Should we trust the model?
Many people won't assume they can trust your model for important decisions without verifying some basic facts.
In practice, showing insights that fit their general understanding of the problem, e.g., past returns are predictive of future returns, will help build trust.
Being able to interpret the results of a machine learning model leads to better communication between quantitative portfolio manager and investors.
Clients feel much more comfortable when the research team can tell a story.
What data to collect?
Collecting and buying new types of data can be expensive or inconvenient, so firms want to know if it would be worth their while.
If your feature importance analysis shows that volatility features shows great performance and not sentiment features, then you can collect more data on volatility.
Instead of randomly adding technical and fundamental indicators, it becomes a deliberate process of adding informative factors.
Feature selection?
We may also conclude that some features are not that informative for our model.
Fundamental feature might look like noise to the data, whereas volatility features fit well.
As a result, we can exclude these fundamental features from the model and measure the performance.
Feature generation?
We can investigate feature interaction using partial dependence and feature contribution plots.
We might see that their are large interaction effects between volatility features and pricing data.
With this knowledge we can develop new feature like entropy of volatility values divided by closing price.
We can also simply focus on the singular feature and generate volatility with bigger look-back periods or measures that take the difference between volatility estimates and so on.
Empirical Discovery?
The interpretability of models and explainability of results have a central place in the use of machine learning for empirical discovery.
After assessing feature importance values you might identify that when a momentum and value factor are both low, higher returns are predicted.
In corporate bankruptcy, after 2008, the importance of solvency ratios have taken center stage replacing profitability ratios.

Explainability Types

Explainability methods have three criteria, are they (1) local or global, (2) model-specific or model-agnostic, and (3) numerical or visual.
Although not shown in the diagram above, all local methods can be turned into global methods.

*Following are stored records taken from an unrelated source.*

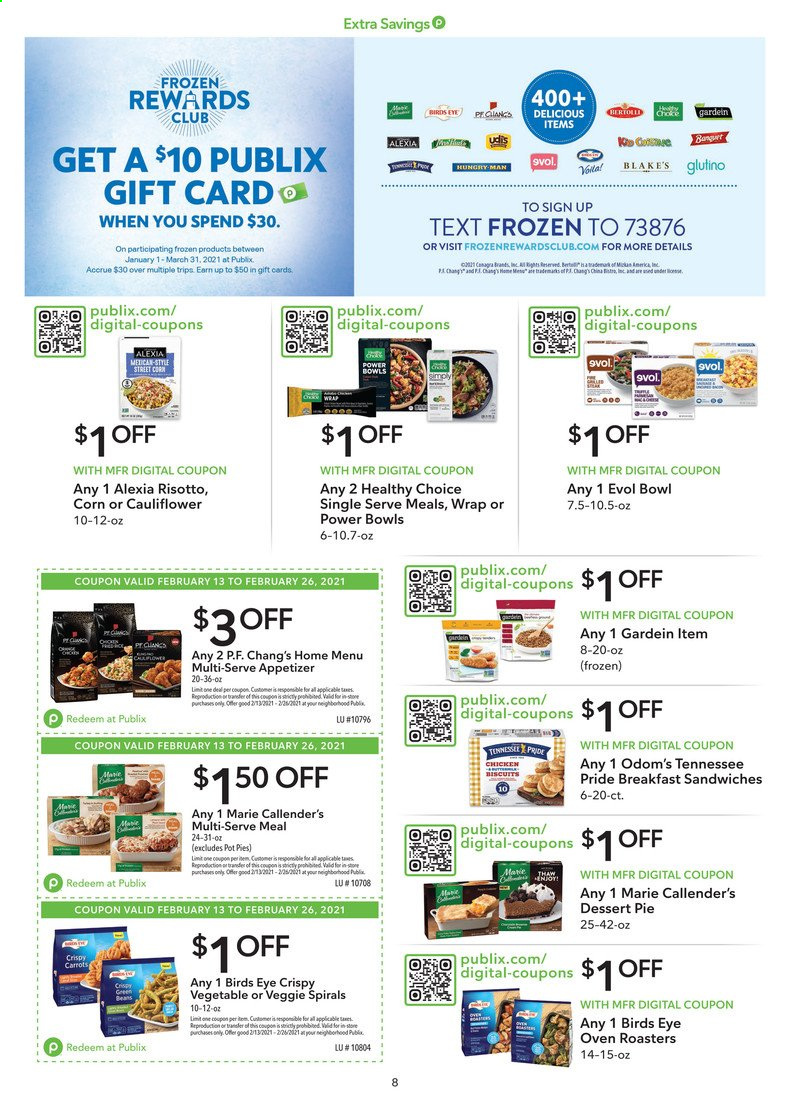 Publix ad - 02/13/2021 - 02/26/2021. Page 8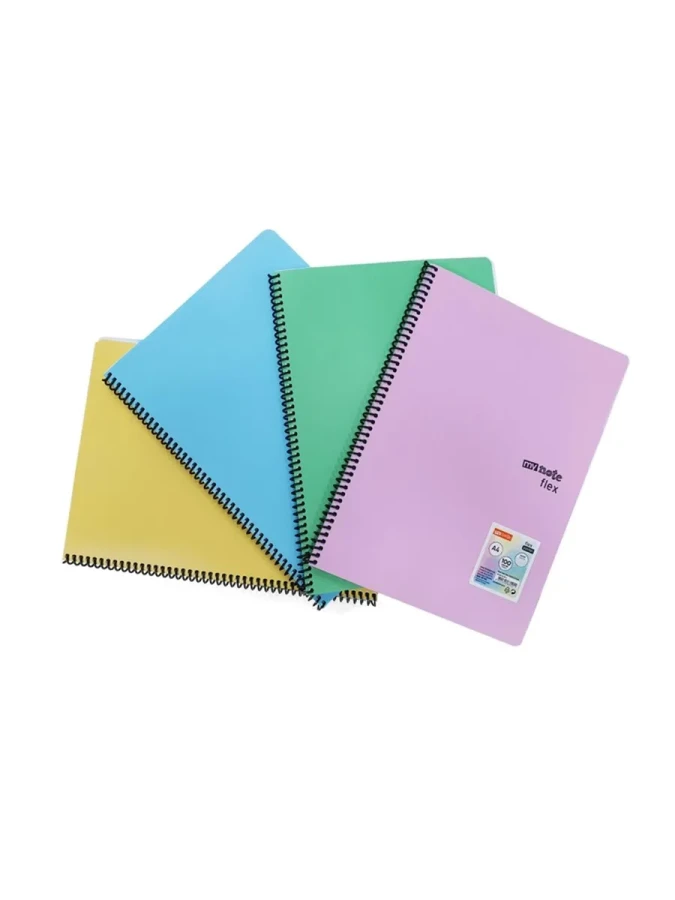 Umur Mynote Flex Pastel A4 Pp Kapak Spiralli Defter Kareli 96 Yp Mfxpa-a496-k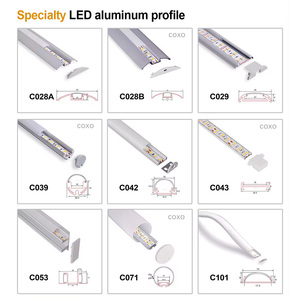 Perfil de <span class=keywords><strong>Aluminio</strong></span> Personalizado <span class=keywords><strong>para</strong></span> Tiras <span class=keywords><strong>LED</strong></span> y Difusor Transparente <span class=keywords><strong>para</strong></span> Iluminación Empotrada y de Superficie - Product Image 5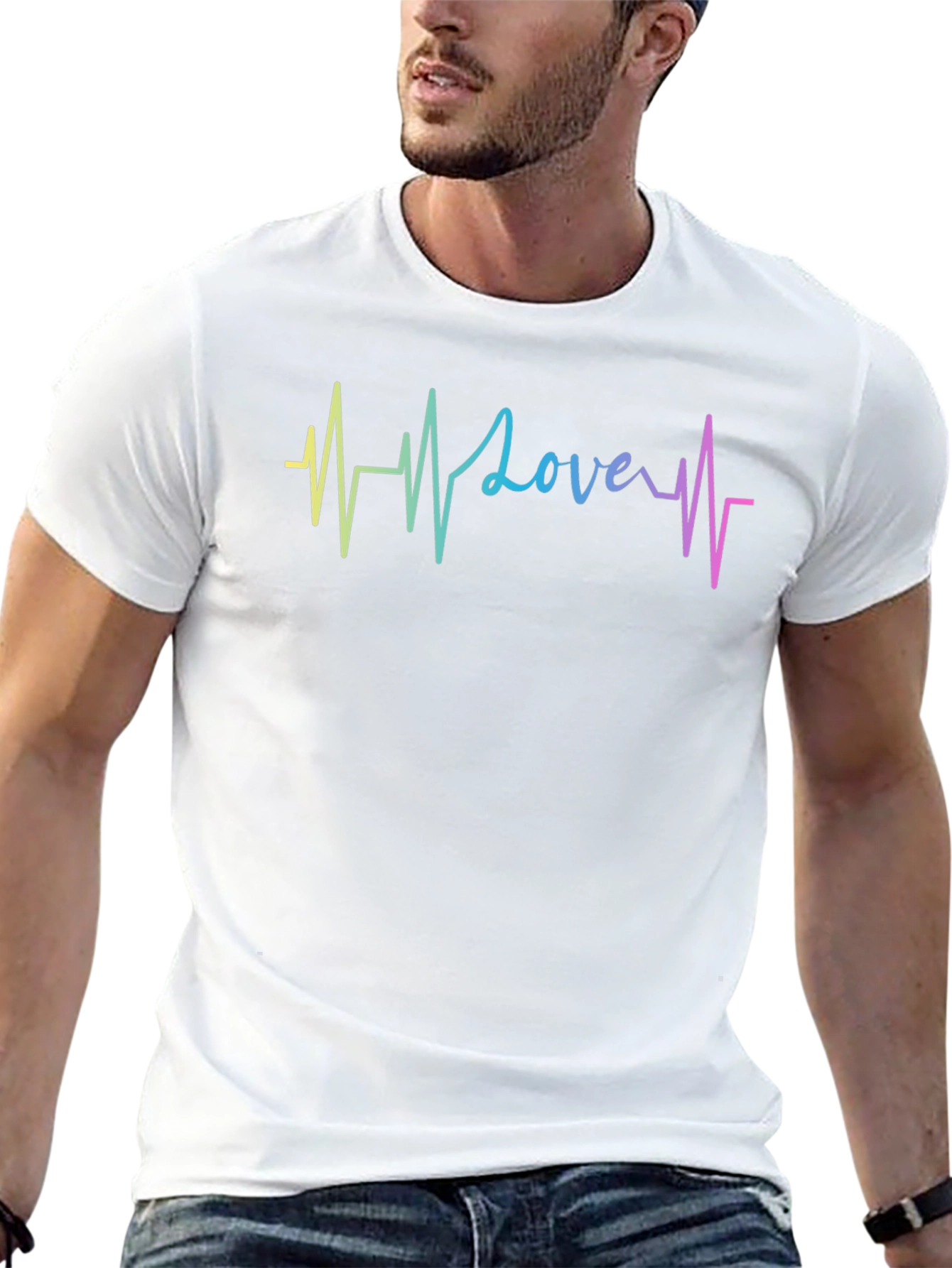 Love Heartbeat Graphic Tee - Stylish Unisex T-Shirt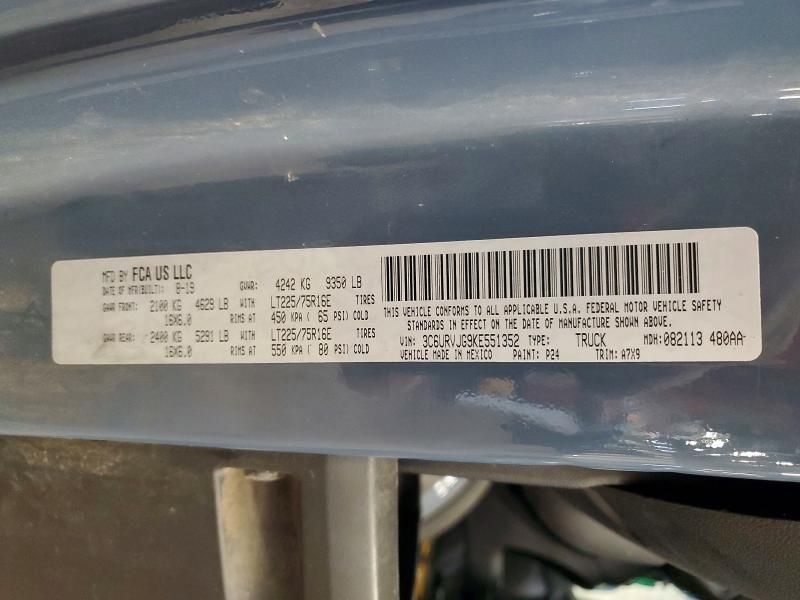 2019 Dodge RAM Promaster 3500 Delivery Van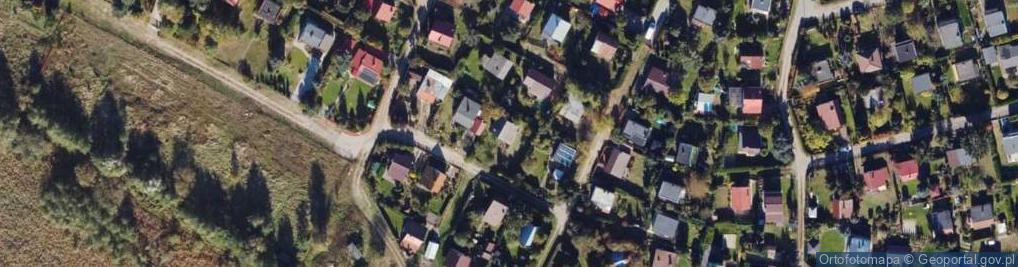 Zdjęcie satelitarne Zakątek ul.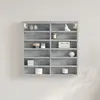 Image de vidaXL Armoire à vitrine gris béton 60x8,5x58 cm bois d'ingénierie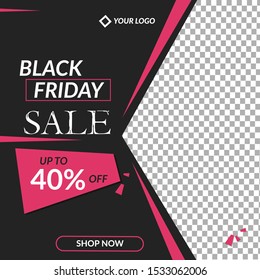 editable black friday modern sale banner for web, poster design template, vector illustrasion
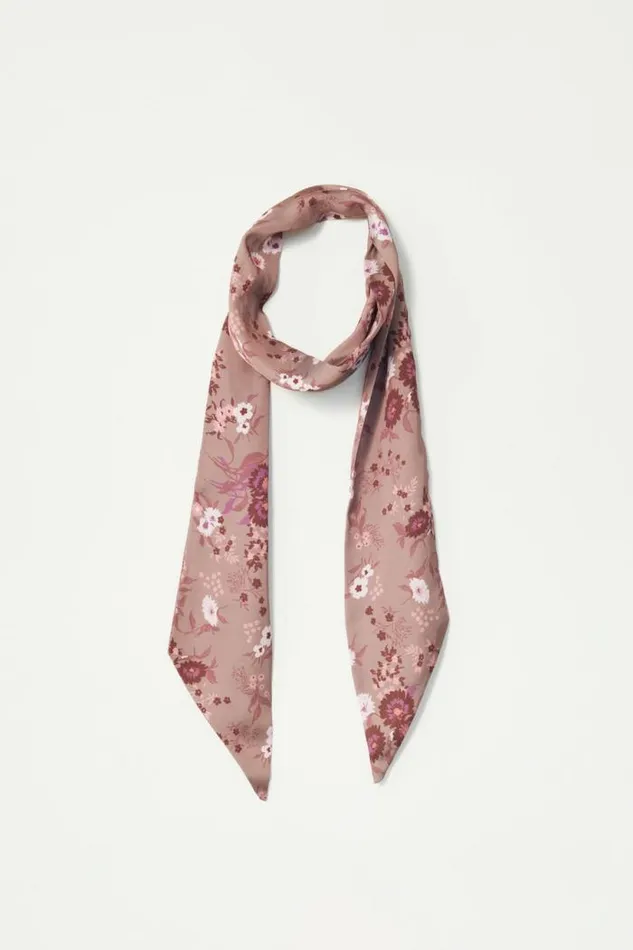 Lucky Brand Floral Silky Skinny Scarf Medium Dark Pink Women Scarves and Bandanas Lucky Brand Floral Silky Skinny Scarf Medium Dark Pink Women Scarves and Bandanas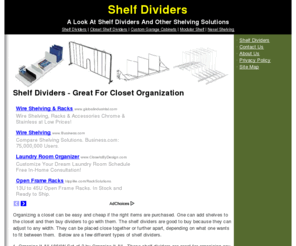 shelfdividers.org: Shelf Dividers
Looking to pick up some shelf dividers? Here are a few that you may want to consider!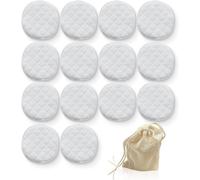 14 X Washable Reusable Bamboo Organic Nursing Pads With Laundry Bag And Storage Bag-Absorbent,Hypoallergenic,Eco-Friendly Nursing Mats.[R7]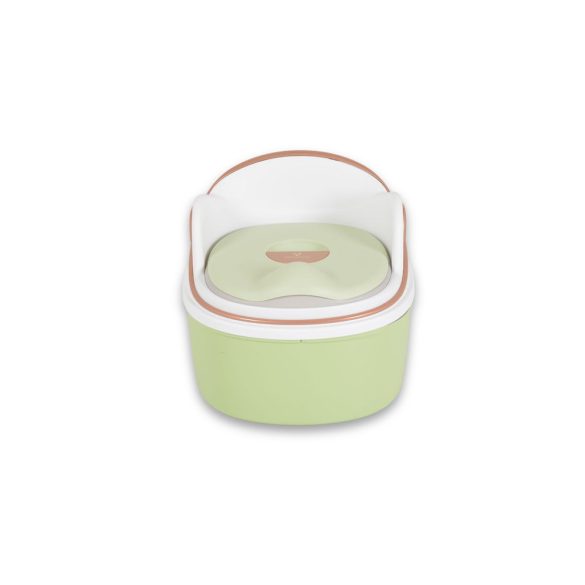 RUM BABA 2in1 bili átalakítható wc szűkítő+fellépő, szilikon ülés ZÖLD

You can simply sum or average across the local methods to create a global method.
Local versus global: with local methods we calculate the contribution of every feature for every datapoint (row), with global methods we only have the aggregate importance value for every feature across the entire dataset.
Specific versus agnostic: specific model explainability values arise from some internal characteristic, e.g., only linear models have coefficients, only decision trees have features splits, whereas agnostic methods can be applied to any model.
Numerical versus visualization: some explanations are better communicated with visualizations, e.g., we can visualize how the output of a model changes with the progressive change of a feature value using Partial Dependence Plots.
It is my preference to work with both local and global model-agnostic methods, one method in particular called Shapley values come to mind.

Common Misconceptions

Explaining the model ≠ explaining the data

Model inspection only tells you about the model.
The model might not accurately reflect the data.
If the model performance is good, then it might better reflect the data

More Explainable + More Interpretable ≠ Better Decisions

You could be using the most interpretable and explainable models.
It doesn’t mean the performance of the model is great.
Nor does it mean that you are making the right predictions.
Neither does it guarantee the robustness of the relationships over time.

Explainable ≠ Understandable ≠ Trusted

A Random Forest model might be explainable, but do stakeholders understand and trust it?
Even when an explainable model is understandable, it doesn’t mean that it can be trusted.
Additional robustness tests have to be performed to develop a model that is also robust.